Mais ils voulaient sans doute et surtout, insidieusement, se donner les moyens de contester demain le droit des praticiens, médecins ou pharmaciens notamment, à exercer leur clause de conscience en refusant de pratiquer l’avortement ou de vendre des médicaments abortifs. Ils voulaient des armes pour condamner ceux qui chercheraient encore à s’opposer à l’avortement ou même simplement qui se permettraient de conseiller de l’éviter à des femmes en questionnement. C’est là que le bât blesse.

La liberté de l’individu n’est pourtant pas dans la seule jouissance de son corps, comme certains l’ont proclamé à cette occasion. L’être humain a cette particularité, que n’ont pas les animaux, de disposer de la raison et de la volonté dans l’usage desquelles ses actes peuvent exprimer leur pleine liberté.

Certes, la liberté peut être spontanée, mais sur les sujets sensibles, difficiles, elle ne s’accomplit que dans l’examen informé et réfléchi de la valeur et des conséquences de son exercice.

Ce qui suppose la possibilité de confronter les avis, de faire jouer son discernement dans une analyse des choix possibles sous tous leurs rapports. Toute démarche tendant à entraver ce nécessaire processus de détermination sur des questions qui ne peuvent pas être tranchées définitivement réduit, voire supprime, la liberté constitutive de notre humanité.

Et la question de l’avortement exige ce débat. L’autorisation d’avorter, prévue d’abord avant dix semaines de grossesse, a été accordée ensuite jusqu’à treize semaines, puis quatorze semaines, ce qui montre qu’on ne peut pas dire avec certitude quand le fœtus devient une personne.

C’est dans cette incertitude que certains estiment encore avoir le droit de refuser l’arbitraire d’une césure dans la vie de l’embryon et soutiennent, non sans raison — leurs raisons —, que la vie est là dès son commencement et que, dès lors, le respect du droit à la vie ne saurait connaître de limites depuis la conception de l’enfant.

Restreindre la discussion sur une si sérieuse affaire, comme d’ailleurs le fait déjà la loi du 20 mars 2017 qui rend délictuel de tenter de persuader une femme qui a le projet d’avorter de ne pas le faire, n’est-il pas contraire à la démocratie et au droit même de la femme de se déterminer en connaissance de cause ?

Un enjeu de civilisation

Tout État de droit traduit quelques règles éthiques communes sans lesquelles il n’y aurait pas de société durable et paisible. Il en est ainsi des préceptes reconnus par l’Ancien Testament, auquel puisent les civilisations méditerranéennes, mais plus généralement par l’histoire des hommes qui en ont façonné leur morale.

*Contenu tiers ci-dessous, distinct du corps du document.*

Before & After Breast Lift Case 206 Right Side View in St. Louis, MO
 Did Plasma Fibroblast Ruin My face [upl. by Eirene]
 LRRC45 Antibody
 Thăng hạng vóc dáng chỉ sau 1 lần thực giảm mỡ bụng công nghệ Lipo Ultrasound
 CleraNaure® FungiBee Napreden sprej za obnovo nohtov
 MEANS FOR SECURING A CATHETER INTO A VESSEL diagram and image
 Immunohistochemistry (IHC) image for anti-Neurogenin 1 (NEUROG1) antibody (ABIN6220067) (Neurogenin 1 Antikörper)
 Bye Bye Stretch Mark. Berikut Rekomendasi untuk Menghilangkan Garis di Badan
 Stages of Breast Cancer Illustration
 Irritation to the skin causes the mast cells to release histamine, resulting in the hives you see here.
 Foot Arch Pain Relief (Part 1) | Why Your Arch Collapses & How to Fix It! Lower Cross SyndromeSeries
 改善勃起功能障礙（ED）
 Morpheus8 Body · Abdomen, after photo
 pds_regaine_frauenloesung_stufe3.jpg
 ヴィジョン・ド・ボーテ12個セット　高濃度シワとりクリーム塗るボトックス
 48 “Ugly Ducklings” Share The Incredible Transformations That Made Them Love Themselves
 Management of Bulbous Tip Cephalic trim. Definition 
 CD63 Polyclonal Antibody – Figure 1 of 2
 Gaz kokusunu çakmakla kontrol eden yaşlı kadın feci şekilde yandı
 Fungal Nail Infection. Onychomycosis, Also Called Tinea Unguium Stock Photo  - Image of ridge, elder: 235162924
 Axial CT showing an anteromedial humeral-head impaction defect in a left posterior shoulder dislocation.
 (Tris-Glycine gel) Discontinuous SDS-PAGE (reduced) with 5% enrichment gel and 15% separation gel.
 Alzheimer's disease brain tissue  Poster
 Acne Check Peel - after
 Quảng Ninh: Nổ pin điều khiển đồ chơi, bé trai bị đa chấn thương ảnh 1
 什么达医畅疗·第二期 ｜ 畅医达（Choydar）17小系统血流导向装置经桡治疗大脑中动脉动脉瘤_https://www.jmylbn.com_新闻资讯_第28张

Le respect de la vie est l’un des principes essentiels qui nous ont fait sortir de la barbarie. Il y a toujours des cas où l’atteinte à la vie de l’autre peut être justifiée par la guerre juste, par la légitime défense.

Mais quand une civilisation tente de faire bouger les frontières de ces interdictions fondatrices, elle risque de se perdre en méconnaissant les repères du bien et du mal ou en prétendant que c’est à l’État d’en décider, alors qu’il ne peut que leur donner force.

La loi doit veiller à ce que chacun respecte la vie des autres mais elle ne saurait s’ingérer dans la conscience et l’intimité des personnes au moment où elles donnent la vie, pas plus d’ailleurs qu’à celui où se pèse le sort de leur vie à son aboutissement.

Les régimes totalitaires ont d’ailleurs toujours pensé que les catégories du bien et du mal relevaient de mythes coupables. Ils distinguent les méchants (bourgeois, riches, juifs, étrangers…), qu’il faut éliminer, des bons (prolétaires, aryens, citoyens de souche…), qu’il faut ériger en demi-dieux.

Ils croient à un prochain éden qui ne saurait connaître le mal. Sûrs de faire le bien, ils le méprisent. Qui veut construire des cités parfaites génère toujours la terreur. La démocratie libérale, pour sa part, n’ignore pas l’imperfection humaine et accepte les bornes qu’il faut ériger pour contenir ses turpitudes.